Microsoft has been one of the leaders in developing language AI, such as text-to-speech solutions. The company’s latest effort is a Microsoft Research project that aims to generate comments from video clips
A project between Microsoft Research Asia and Harbin Institute of Technology proposes a new method of generating comments from videos. Previously, research has centered on encode-decoder models. While this has generated comments, the results are typically irrelevant to the video.
In a paper published on Arxiv.org, the Microsoft-led project discusses a model that using machine learning can better represents comments from video. In its experiments, the research team says the AI is better than current models.
You can check out the code for the project on GitHub. At the core of the AI is an ability to match relevant comments with videos from a study set to learn cross-modal representations. Microsoft Research and Harbin based the model on Google’s Transformers languages.
The resulting live automatic live commenting system is made of three main components:
- An encoder layer to convert modalities from a video and comment into vectors.
- A matching layer that learns the representation from each modality.
- And a prediction layer that measures the degree between a video and comment.
In other words, the model will “watch” a video with a time stamp and choose a comment from a candidate set. The AI is capable of finding the most relevant comment for the video at that time stamp. It does this by basing its prediction on other comments in the set, the visual aspect of the video, and the audio.

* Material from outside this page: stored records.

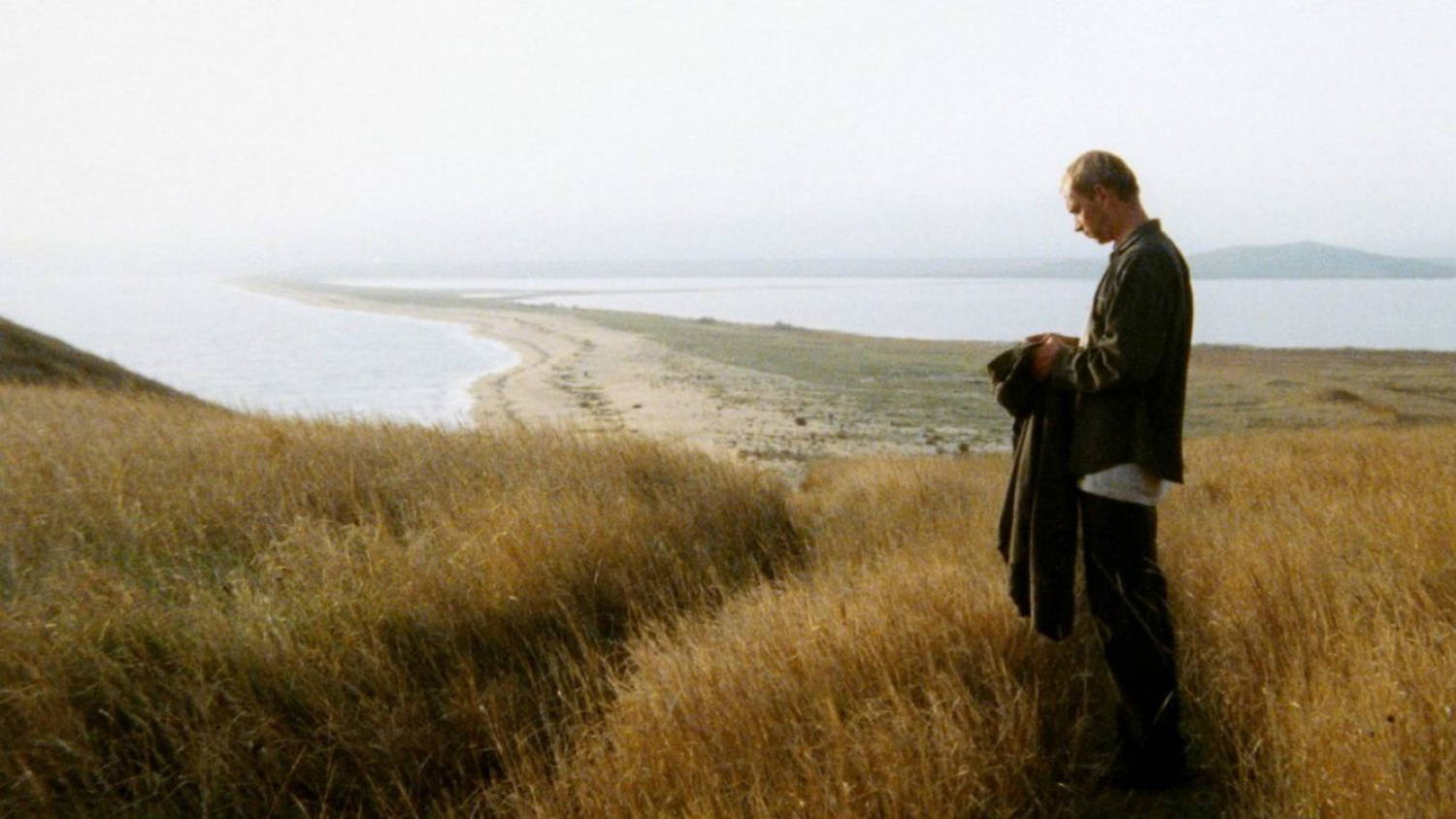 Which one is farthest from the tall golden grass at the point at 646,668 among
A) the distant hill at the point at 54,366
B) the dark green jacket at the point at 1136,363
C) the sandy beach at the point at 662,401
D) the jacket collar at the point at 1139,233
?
the distant hill at the point at 54,366

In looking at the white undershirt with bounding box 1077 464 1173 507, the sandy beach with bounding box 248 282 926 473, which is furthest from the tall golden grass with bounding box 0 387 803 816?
the sandy beach with bounding box 248 282 926 473

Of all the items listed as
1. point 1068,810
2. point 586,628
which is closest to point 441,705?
point 586,628

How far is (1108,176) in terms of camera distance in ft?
9.90

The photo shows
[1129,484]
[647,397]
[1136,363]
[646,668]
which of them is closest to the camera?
[1136,363]

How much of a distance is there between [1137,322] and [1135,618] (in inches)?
35.0

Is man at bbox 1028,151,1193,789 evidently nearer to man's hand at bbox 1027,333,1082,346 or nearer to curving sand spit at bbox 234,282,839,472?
man's hand at bbox 1027,333,1082,346

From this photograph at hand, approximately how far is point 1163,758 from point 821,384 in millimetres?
24636

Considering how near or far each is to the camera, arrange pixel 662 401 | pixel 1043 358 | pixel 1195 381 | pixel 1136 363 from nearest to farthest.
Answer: pixel 1136 363, pixel 1043 358, pixel 662 401, pixel 1195 381

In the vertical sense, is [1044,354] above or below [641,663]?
above

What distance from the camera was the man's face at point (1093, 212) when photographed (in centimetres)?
303

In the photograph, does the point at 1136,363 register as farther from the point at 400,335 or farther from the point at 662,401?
the point at 400,335

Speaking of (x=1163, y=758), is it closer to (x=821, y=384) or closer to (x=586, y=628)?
(x=586, y=628)

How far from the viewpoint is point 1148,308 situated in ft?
9.45

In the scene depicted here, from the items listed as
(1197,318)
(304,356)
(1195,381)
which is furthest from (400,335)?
(1197,318)
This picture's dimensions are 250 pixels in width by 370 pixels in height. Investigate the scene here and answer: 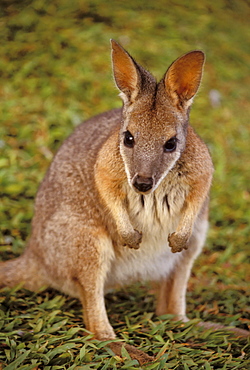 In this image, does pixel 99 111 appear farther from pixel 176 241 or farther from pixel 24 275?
pixel 176 241

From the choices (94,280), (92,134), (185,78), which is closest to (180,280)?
(94,280)

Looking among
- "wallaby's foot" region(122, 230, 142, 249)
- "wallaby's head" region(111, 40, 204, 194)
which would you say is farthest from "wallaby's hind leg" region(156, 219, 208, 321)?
"wallaby's head" region(111, 40, 204, 194)

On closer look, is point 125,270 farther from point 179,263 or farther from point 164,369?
point 164,369

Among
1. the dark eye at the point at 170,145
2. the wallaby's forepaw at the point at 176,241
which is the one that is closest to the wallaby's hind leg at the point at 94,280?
the wallaby's forepaw at the point at 176,241

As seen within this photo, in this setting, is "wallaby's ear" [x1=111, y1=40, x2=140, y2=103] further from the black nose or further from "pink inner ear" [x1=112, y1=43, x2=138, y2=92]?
the black nose

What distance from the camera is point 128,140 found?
3.11 metres

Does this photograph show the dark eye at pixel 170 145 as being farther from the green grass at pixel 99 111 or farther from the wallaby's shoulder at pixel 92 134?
the green grass at pixel 99 111

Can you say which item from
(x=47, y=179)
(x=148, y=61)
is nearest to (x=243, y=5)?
(x=148, y=61)

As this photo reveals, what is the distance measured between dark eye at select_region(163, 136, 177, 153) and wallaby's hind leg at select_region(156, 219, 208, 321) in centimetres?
87

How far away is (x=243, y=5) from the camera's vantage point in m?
9.05

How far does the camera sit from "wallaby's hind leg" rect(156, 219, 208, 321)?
3.85 meters

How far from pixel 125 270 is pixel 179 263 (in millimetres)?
406

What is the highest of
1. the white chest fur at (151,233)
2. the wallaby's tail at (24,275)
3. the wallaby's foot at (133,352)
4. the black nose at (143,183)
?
the black nose at (143,183)

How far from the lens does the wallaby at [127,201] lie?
10.2 ft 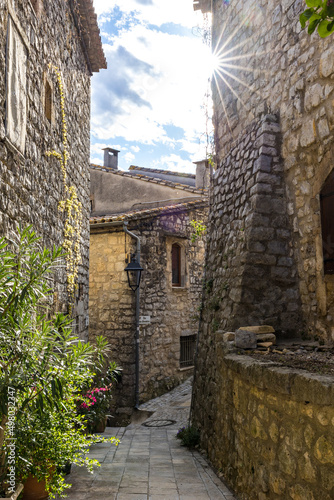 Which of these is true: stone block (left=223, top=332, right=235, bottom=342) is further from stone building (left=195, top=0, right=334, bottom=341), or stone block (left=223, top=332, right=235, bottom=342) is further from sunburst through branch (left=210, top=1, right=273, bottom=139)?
sunburst through branch (left=210, top=1, right=273, bottom=139)

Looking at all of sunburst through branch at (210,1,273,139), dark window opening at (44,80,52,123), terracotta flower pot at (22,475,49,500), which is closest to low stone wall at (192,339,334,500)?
terracotta flower pot at (22,475,49,500)

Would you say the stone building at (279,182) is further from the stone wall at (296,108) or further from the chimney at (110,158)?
the chimney at (110,158)

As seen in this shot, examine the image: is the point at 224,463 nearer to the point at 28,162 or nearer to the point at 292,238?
the point at 292,238

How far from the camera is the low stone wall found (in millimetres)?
2309

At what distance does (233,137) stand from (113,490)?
464cm

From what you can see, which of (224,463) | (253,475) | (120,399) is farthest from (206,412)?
(120,399)

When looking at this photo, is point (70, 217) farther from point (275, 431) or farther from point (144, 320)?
point (144, 320)

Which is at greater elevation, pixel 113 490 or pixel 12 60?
pixel 12 60

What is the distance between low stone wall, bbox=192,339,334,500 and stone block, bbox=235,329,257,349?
24 cm

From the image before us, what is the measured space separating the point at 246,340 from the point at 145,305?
6646 millimetres

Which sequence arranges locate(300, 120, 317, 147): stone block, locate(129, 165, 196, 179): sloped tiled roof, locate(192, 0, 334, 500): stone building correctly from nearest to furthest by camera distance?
locate(192, 0, 334, 500): stone building
locate(300, 120, 317, 147): stone block
locate(129, 165, 196, 179): sloped tiled roof

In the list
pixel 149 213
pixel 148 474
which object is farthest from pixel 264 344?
pixel 149 213

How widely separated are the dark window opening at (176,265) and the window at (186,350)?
5.19 feet

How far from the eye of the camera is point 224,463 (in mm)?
4191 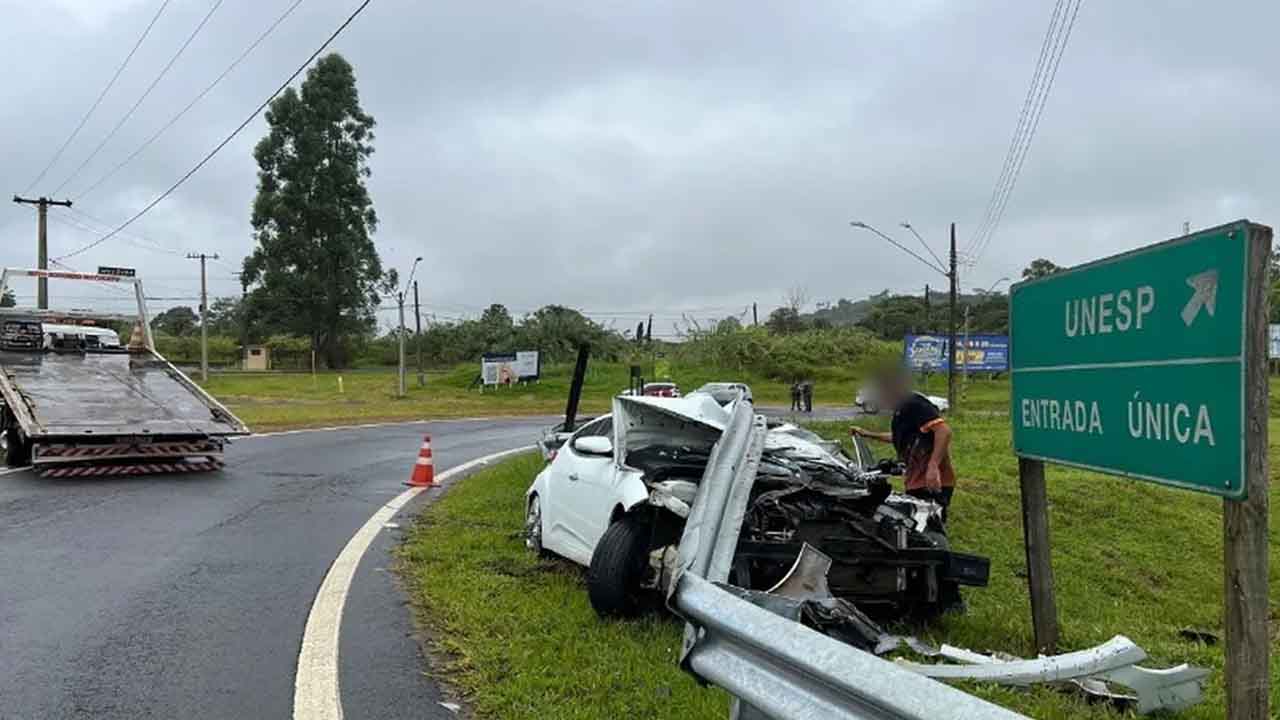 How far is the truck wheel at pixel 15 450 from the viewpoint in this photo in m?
14.3

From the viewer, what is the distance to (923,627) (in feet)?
21.5

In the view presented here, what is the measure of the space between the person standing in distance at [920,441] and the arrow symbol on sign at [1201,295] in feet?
15.0

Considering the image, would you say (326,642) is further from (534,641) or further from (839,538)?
(839,538)

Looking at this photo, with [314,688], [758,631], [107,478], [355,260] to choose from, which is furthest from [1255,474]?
[355,260]

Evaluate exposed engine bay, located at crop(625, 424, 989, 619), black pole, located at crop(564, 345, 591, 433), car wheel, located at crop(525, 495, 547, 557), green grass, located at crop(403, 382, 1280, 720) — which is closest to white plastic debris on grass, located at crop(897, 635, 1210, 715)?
green grass, located at crop(403, 382, 1280, 720)

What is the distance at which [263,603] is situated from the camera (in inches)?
263

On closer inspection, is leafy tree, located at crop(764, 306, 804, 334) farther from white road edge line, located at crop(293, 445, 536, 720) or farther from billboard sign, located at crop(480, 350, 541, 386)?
white road edge line, located at crop(293, 445, 536, 720)

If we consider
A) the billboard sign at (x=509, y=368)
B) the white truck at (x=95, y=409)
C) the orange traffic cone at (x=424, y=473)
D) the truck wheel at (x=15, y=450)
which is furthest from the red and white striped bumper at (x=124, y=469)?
the billboard sign at (x=509, y=368)

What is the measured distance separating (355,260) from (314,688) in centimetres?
6444

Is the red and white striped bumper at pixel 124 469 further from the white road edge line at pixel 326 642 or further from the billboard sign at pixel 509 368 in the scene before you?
the billboard sign at pixel 509 368

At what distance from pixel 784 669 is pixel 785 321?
7205cm

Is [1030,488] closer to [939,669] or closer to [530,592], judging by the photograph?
[939,669]

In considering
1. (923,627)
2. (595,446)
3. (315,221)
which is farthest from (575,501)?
(315,221)

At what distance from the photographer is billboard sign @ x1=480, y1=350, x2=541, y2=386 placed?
Answer: 5159 cm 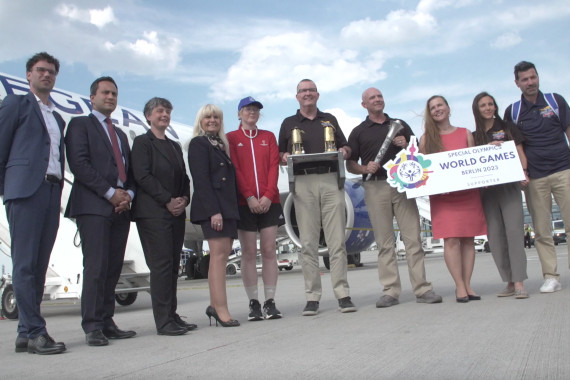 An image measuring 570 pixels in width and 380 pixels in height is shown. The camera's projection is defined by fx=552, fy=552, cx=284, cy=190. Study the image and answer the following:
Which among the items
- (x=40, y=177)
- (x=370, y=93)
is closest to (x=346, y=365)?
(x=40, y=177)

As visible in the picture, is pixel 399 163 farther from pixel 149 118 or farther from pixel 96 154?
pixel 96 154

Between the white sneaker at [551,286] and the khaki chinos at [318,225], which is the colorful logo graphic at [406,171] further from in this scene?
the white sneaker at [551,286]

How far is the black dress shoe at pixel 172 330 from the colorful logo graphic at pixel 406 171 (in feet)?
6.88

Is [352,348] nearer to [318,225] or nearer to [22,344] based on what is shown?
[318,225]

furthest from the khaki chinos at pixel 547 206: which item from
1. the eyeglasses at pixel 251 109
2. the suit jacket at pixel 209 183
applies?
the suit jacket at pixel 209 183

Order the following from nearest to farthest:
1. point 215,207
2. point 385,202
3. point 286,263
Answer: point 215,207 < point 385,202 < point 286,263

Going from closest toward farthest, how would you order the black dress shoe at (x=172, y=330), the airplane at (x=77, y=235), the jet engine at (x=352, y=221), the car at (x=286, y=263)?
the black dress shoe at (x=172, y=330), the airplane at (x=77, y=235), the jet engine at (x=352, y=221), the car at (x=286, y=263)

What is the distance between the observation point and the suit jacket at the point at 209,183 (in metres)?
4.05

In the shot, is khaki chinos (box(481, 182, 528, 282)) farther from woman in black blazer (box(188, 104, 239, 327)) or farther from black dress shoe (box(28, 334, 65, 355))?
black dress shoe (box(28, 334, 65, 355))

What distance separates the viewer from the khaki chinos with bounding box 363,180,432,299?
4.77 metres

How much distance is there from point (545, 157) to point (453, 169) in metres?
0.88

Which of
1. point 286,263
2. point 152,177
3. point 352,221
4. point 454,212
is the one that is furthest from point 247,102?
point 286,263

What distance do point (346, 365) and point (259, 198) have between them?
6.85 feet

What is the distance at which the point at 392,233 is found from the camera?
4918 mm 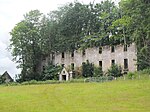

To train the model, the researchers used a set comprised of 2,361 videos and 895,929 comments. All the information was taken from Bilibili, a Chinese streaming platform.
“[W]e believe the multimodal pre-training will be a promising direction to explore, where tasks like image captioning and video captioning will benefit from pre-trained models,” wrote the researchers. “For future research, we will further investigate the multimodal interactions among vision, audio, and text in … real-world applications.”